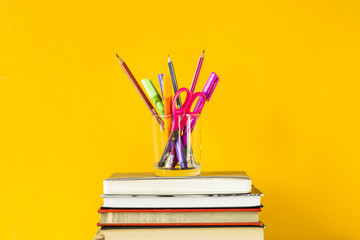 A glass with pens, pencils and scissors on a pile of books for training. Back to school concept. On...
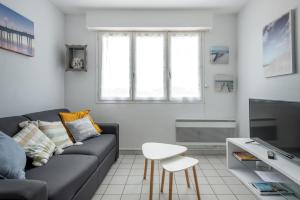 uma sala de estar com um sofá e uma mesa em Appartement dos à la marina - Proche de la plage em Courseulles-sur-Mer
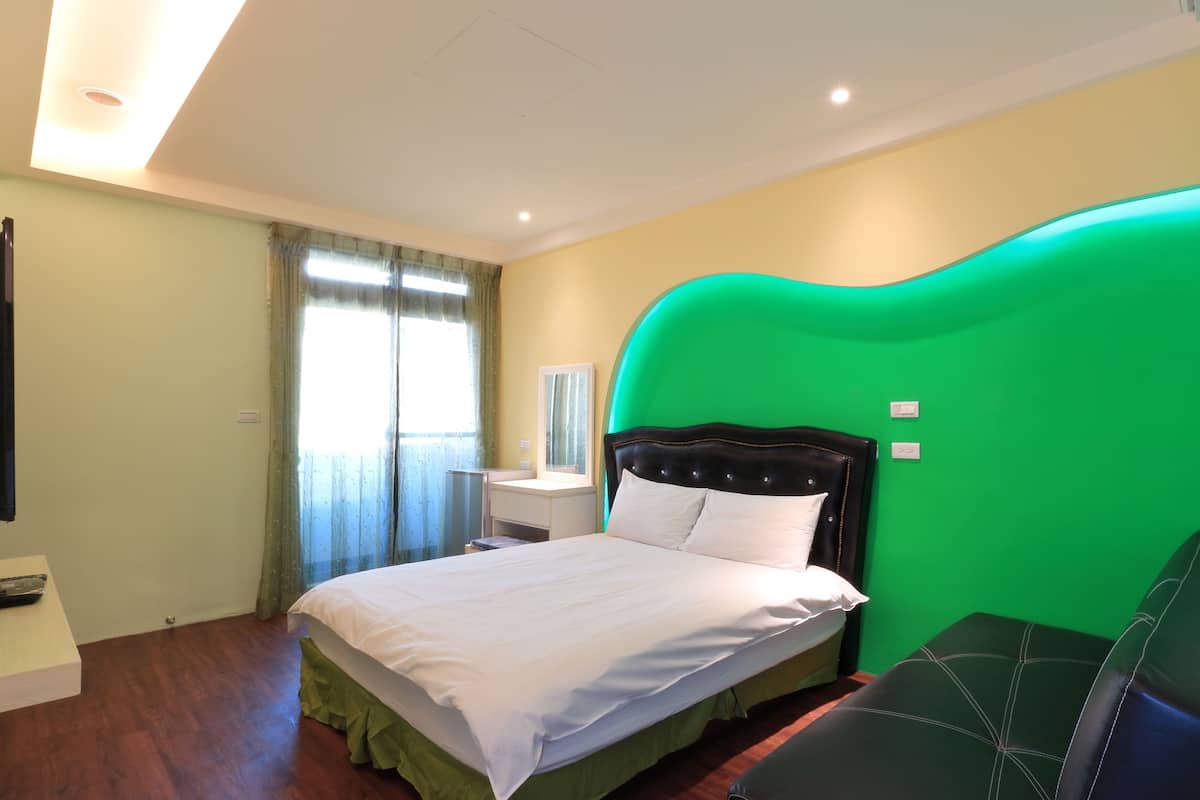 Ein Hotelzimmer mit Bett, Nachttisch, einer grünen Akzentwand und einem Fenster mit Vorhängen.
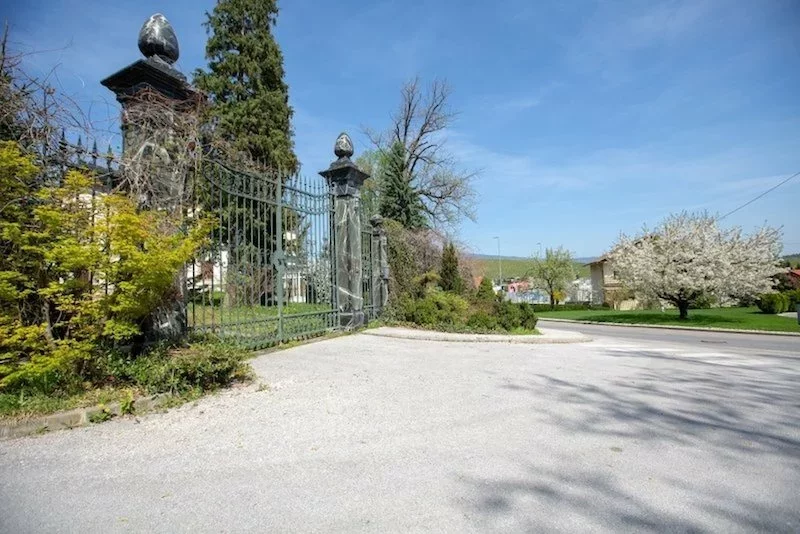 The gate at the main entrance to the castle grounds in Slovenia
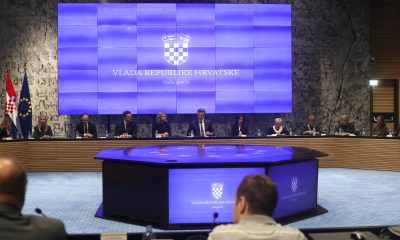 Ovo je slika konferencijske dvorane Vlade Republike Hrvatske. Na velikom plavom ekranu je grb Hrvatske i natpis “Vlada Republike Hrvatske”. U dvorani je veliki okrugli stol s mikrofonima i natpisima. Za stolom sjede ljudi.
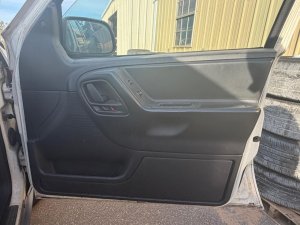 1999-2004 Jeep Grand Cherokee Black Door Interior Trim Panel - Front, Right (Passenger) (Used OEM)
──────────
> **Work item**: The reply must consist of the complete listing, reproduced exactly, with no images.

> **Solution for this task**:
 A glass with pens, pencils and scissors on a pile of books for training. Back to school concept. On...
 uma sala de estar com um sofá e uma mesa em Appartement dos à la marina - Proche de la plage em Courseulles-sur-Mer
 Ein Hotelzimmer mit Bett, Nachttisch, einer grünen Akzentwand und einem Fenster mit Vorhängen.
 The gate at the main entrance to the castle grounds in Slovenia
 Ovo je slika konferencijske dvorane Vlade Republike Hrvatske. Na velikom plavom ekranu je grb Hrvatske i natpis “Vlada Republike Hrvatske”. U dvorani je veliki okrugli stol s mikrofonima i natpisima. Za stolom sjede ljudi.
 1999-2004 Jeep Grand Cherokee Black Door Interior Trim Panel - Front, Right (Passenger) (Used OEM)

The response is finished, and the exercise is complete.